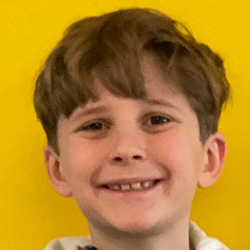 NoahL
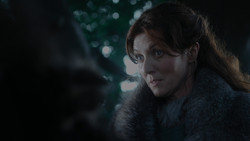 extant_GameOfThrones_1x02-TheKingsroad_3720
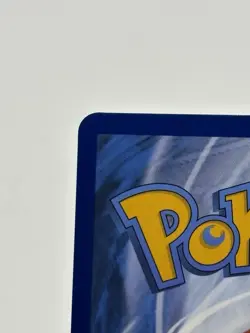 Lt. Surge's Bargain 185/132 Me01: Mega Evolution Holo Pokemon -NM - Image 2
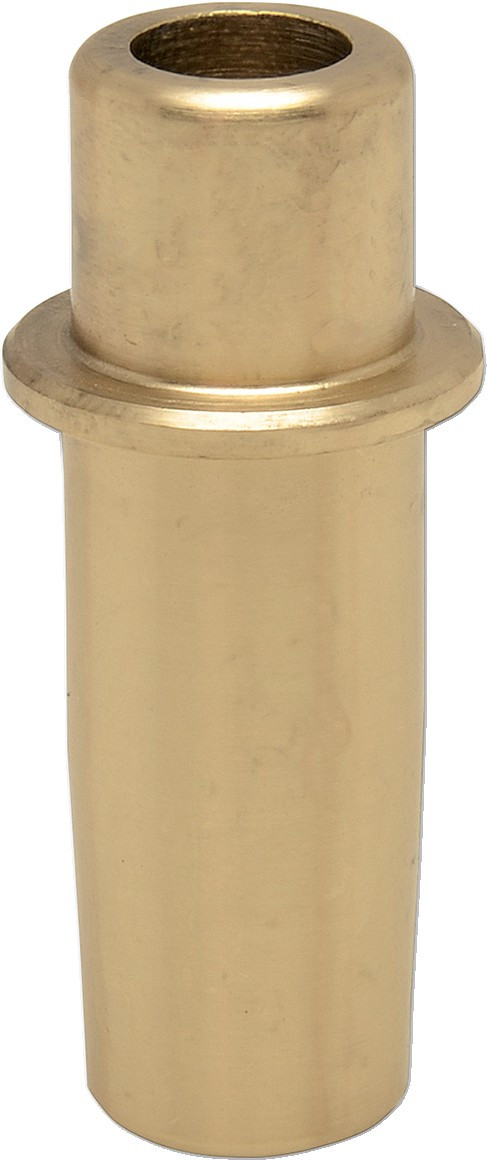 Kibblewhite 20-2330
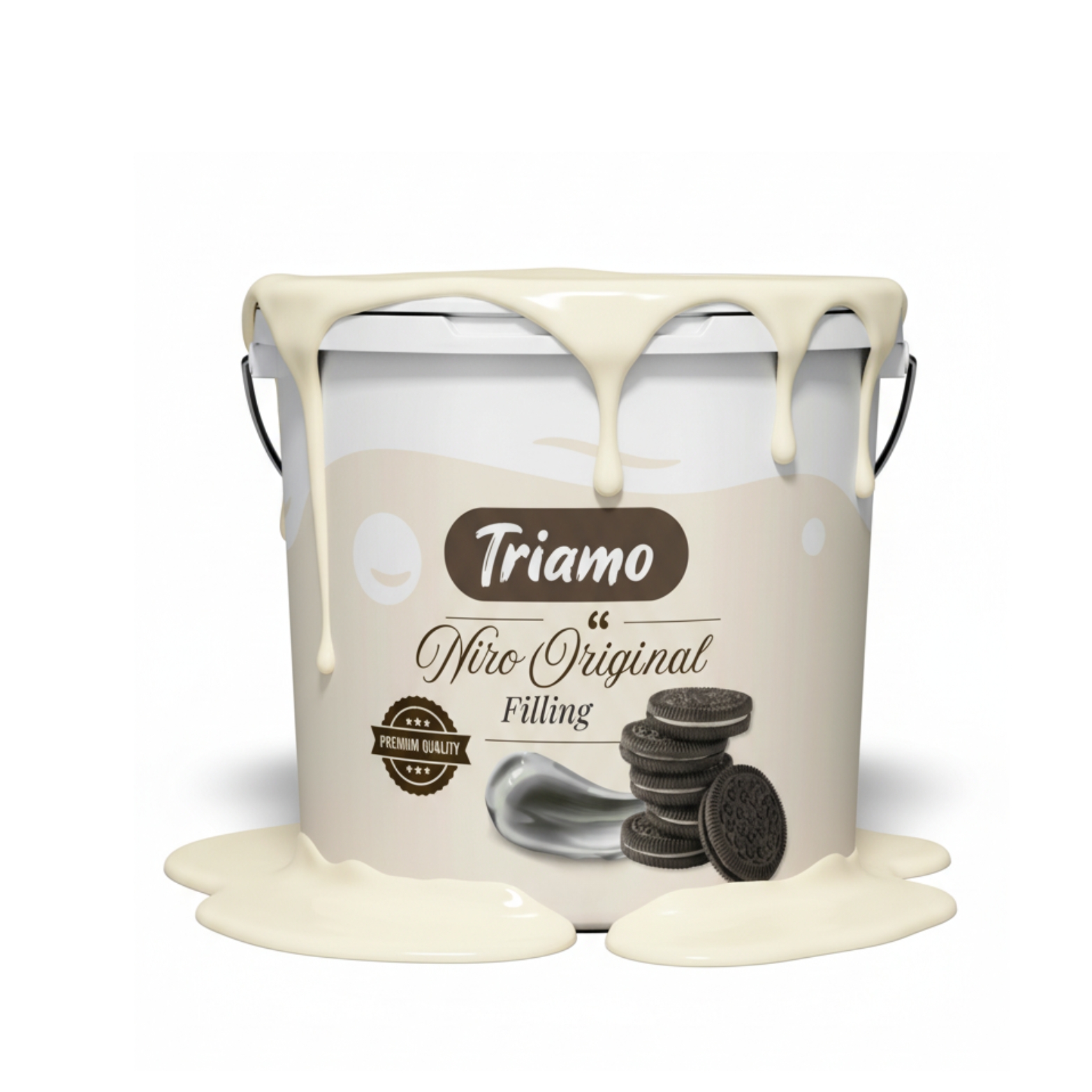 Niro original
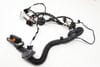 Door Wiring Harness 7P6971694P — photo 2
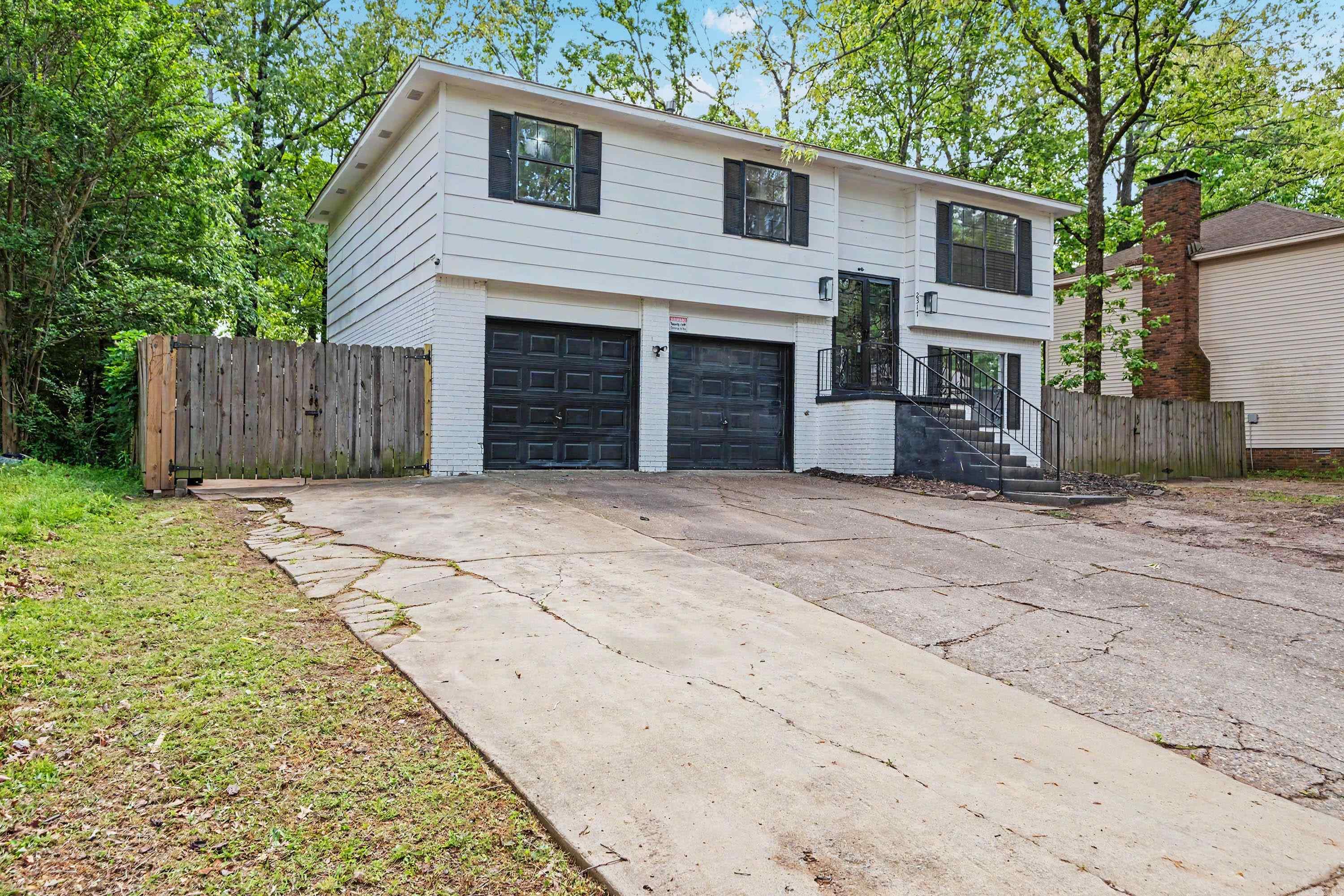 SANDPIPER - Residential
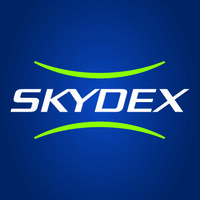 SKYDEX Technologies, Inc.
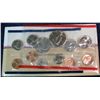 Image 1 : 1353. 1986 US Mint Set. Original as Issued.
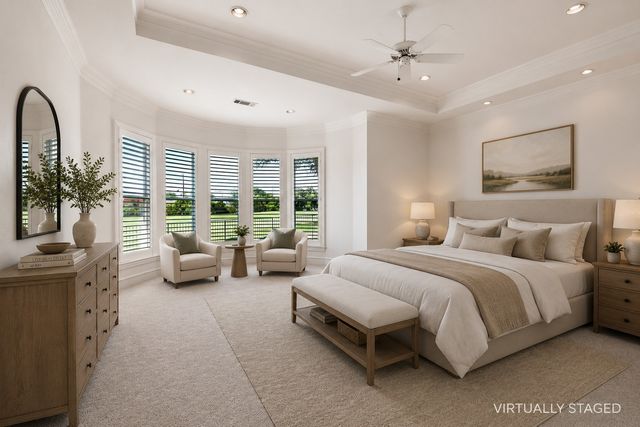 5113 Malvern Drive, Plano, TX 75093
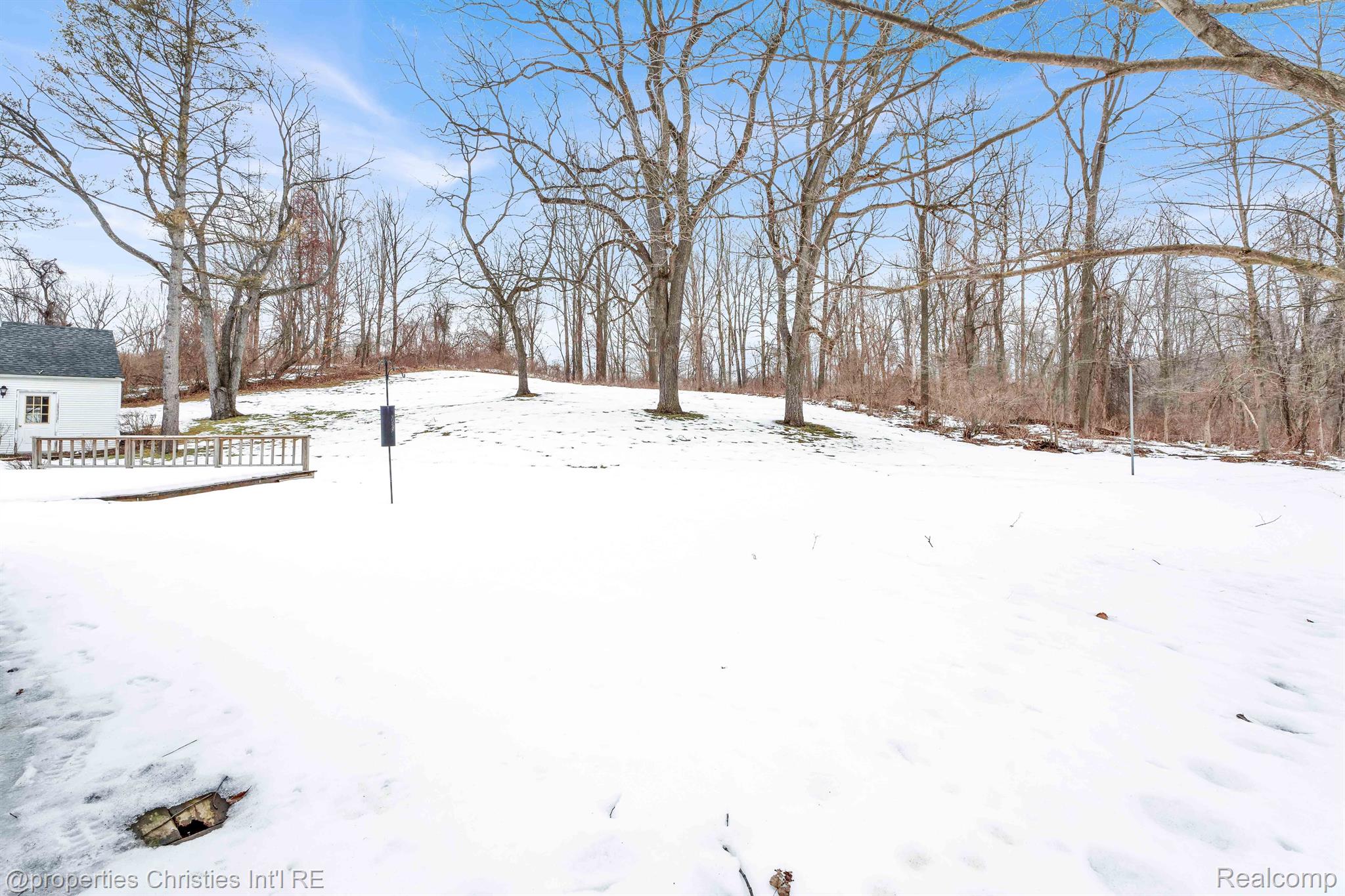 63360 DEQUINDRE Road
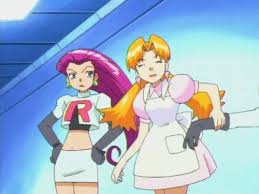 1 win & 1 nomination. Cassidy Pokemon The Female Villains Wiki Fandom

____

Your task »
Find the line that contains "Image 1 : 1353.", then write out that line and every line after it through the end of the records, exactly. Leave the pictures out.

Output of the task »
 Image 1 : 1353. 1986 US Mint Set. Original as Issued.
 5113 Malvern Drive, Plano, TX 75093
 63360 DEQUINDRE Road
 1 win & 1 nomination. Cassidy Pokemon The Female Villains Wiki Fandom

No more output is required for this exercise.